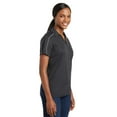 thumbnail image 4 of Sport-Tek Ladies Micropique Sport Wick Piped Polo-L (Iron Grey/ White), 4 of 6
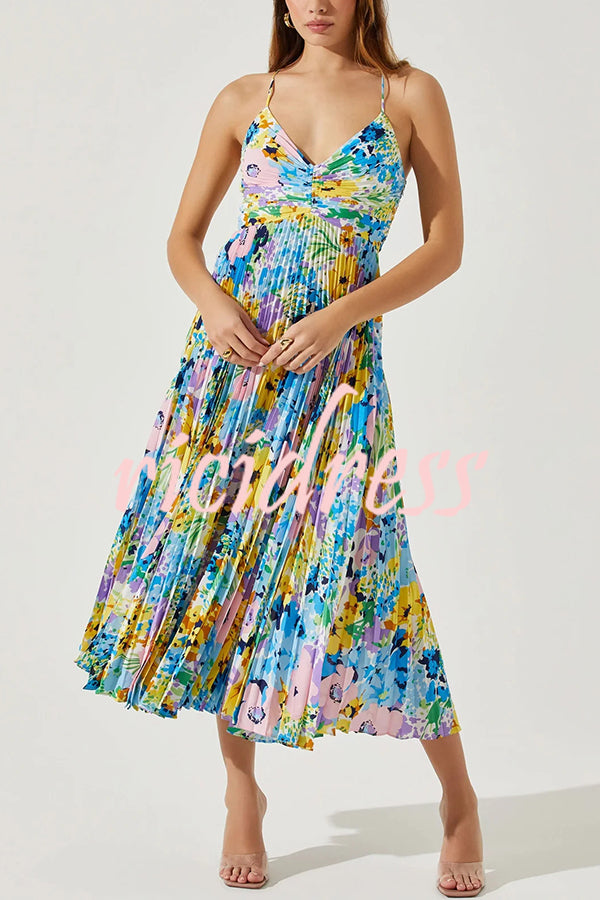 Wedding Party Season Floral Print Pleated Back Tie-up Midi Dress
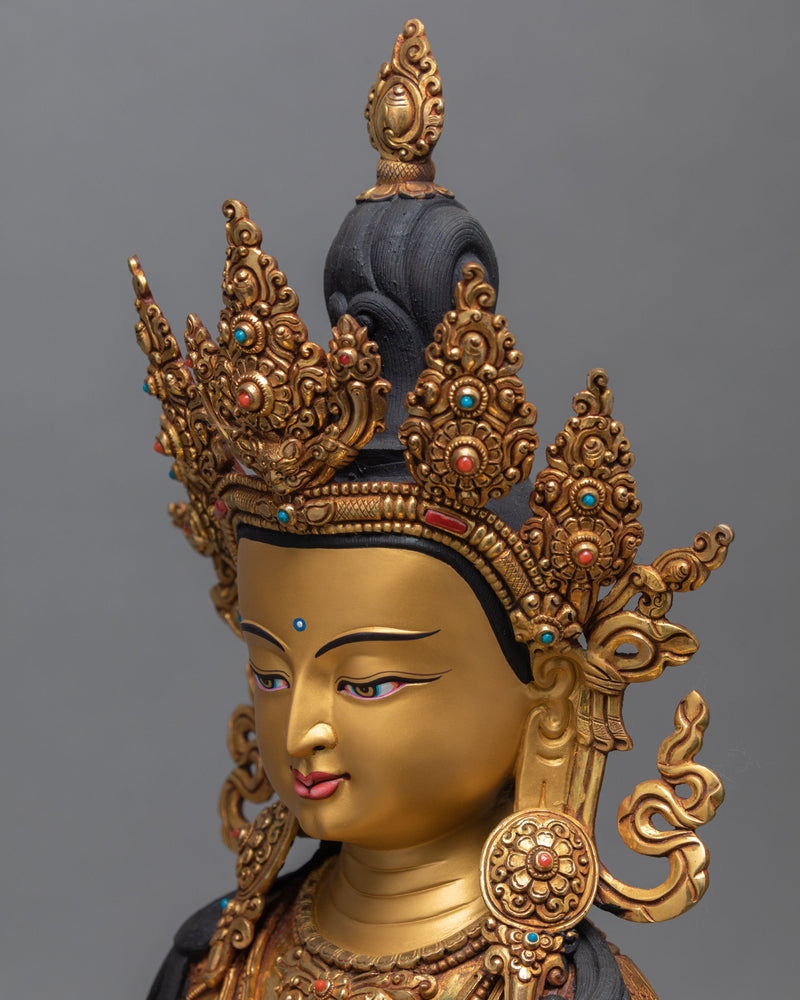 Beautiful Amitayus Buddha Statue, Gilded in Pure 24K Gold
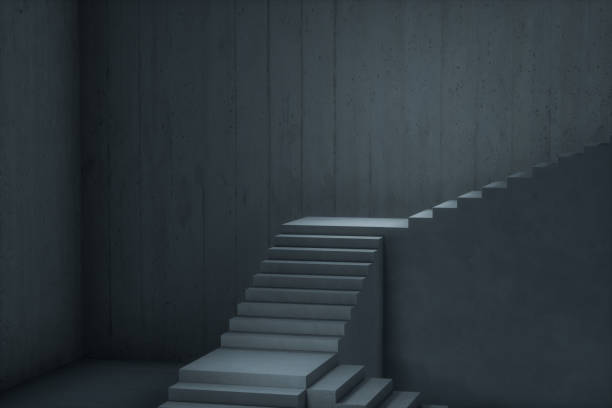 istock The stairway in the dark basement, 3d rendering. 1165864968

_WORK TASK_
Your task is an exact transcription of all the data, minus the pictures.

_ANSWER SPACE_
 thumbnail image 4 of Sport-Tek Ladies Micropique Sport Wick Piped Polo-L (Iron Grey/ White), 4 of 6
 Wedding Party Season Floral Print Pleated Back Tie-up Midi Dress
 Beautiful Amitayus Buddha Statue, Gilded in Pure 24K Gold
 istock The stairway in the dark basement, 3d rendering. 1165864968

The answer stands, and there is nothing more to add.